Il ne s’est pas vraiment contenté, et c’est le moins que l’on puisse dire, d’imaginer ce que ses potentiels lecteurs pouvaient bien penser de son «Afrotopia». Dans cet entretien, l’écrivain et économiste Felwine Sarr évoque ses voyages, au Niger, dans les pays occidentaux, ou au Mali, récemment, où ses jeunes lecteurs lui ont surtout fait comprendre que son ouvrage avait le mérite de leur offrir autre chose qu’une de ces représentations approximatives de l’Afrique et de ses Africains. Mais on lui reproche tout de même, de façon générale, de s’être montré trop dur avec l’Occident, ou d’être dans une forme d’essentialisme. Ou alors lui en veut-on pour la fameuse phrase en quatrième de couverture de son livre : « L’Afrique n’a personne à rattraper »…Toujours dans cet entretien, Felwine Sarr, le spécialiste de macro-économie monétaire, parle du franc CFA, et laisse entendre que les économistes ont des arguments sérieux sur le sujet, entre avantages et inconvénients. Le travail existe, dit-il, si l’on se donne la peine de «dialoguer et d’aller voir ».
Vous dites de votre ouvrage qu’il s’adresse aux jeunes africains. Où est-il allé jusque-là, et que vous disent les jeunes africains sur « Afrotopia » ?

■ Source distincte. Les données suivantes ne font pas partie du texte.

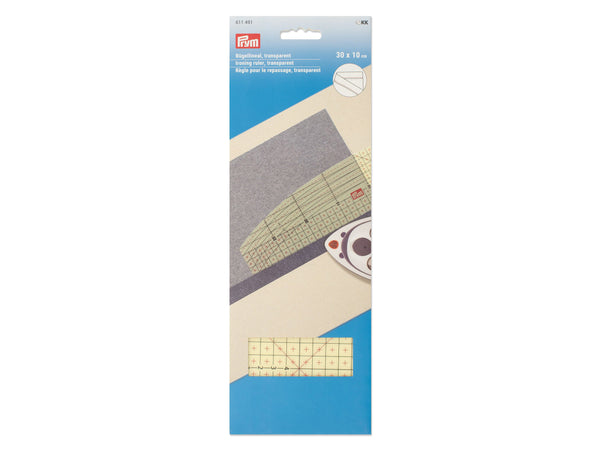 Prym 611491 Bügellineal transparent - 30 x 10cm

Je suis venu au Mali, j’ai été au Niger, au Burkina, j’ai été dans quelques pays d’Afrique du nord, et j’ai aussi rencontré beaucoup d’étudiants africains qui sont dans la diaspora. Les premiers à avoir réagi, parce que lorsque l’ouvrage est sorti, la première tournée a été faite dans les pays occidentaux, ce sont les étudiants africains, et ils me disaient que ce qui les intéressait dans le texte, c’est qu’ils avaient l’impression qu’il y avait une représentation d’eux-mêmes, qui était plus complexe que ce que d’habitude on disait d’eux-mêmes. Ils étaient dans un espace intellectuel où, quand on représentait l’Afrique, ils ne s’y reconnaissaient pas vraiment. Ils avaient le sentiment que les discours manquaient quelque chose d’essentiel, et ils avaient le sentiment d’une réhabilitation des éléments culturels, civilisationnels de leur être-au monde qui sont insuffisamment pris en compte quand on les décrit simplement, rapidement, sous l’aspect économique ou sous le vocable de pays pauvres. Et j’ai senti cette image dans le miroir qui semblait être beaucoup plus juste, quelles que soient les limites que l’image peut avoir, mais qui semblait beaucoup plus en adéquation et qui, surtout, mettait l’accent sur des éléments qui sont généralement mis à la marge : la culture, les civilisations, l’histoire, les productions propres et ce genre de choses-là.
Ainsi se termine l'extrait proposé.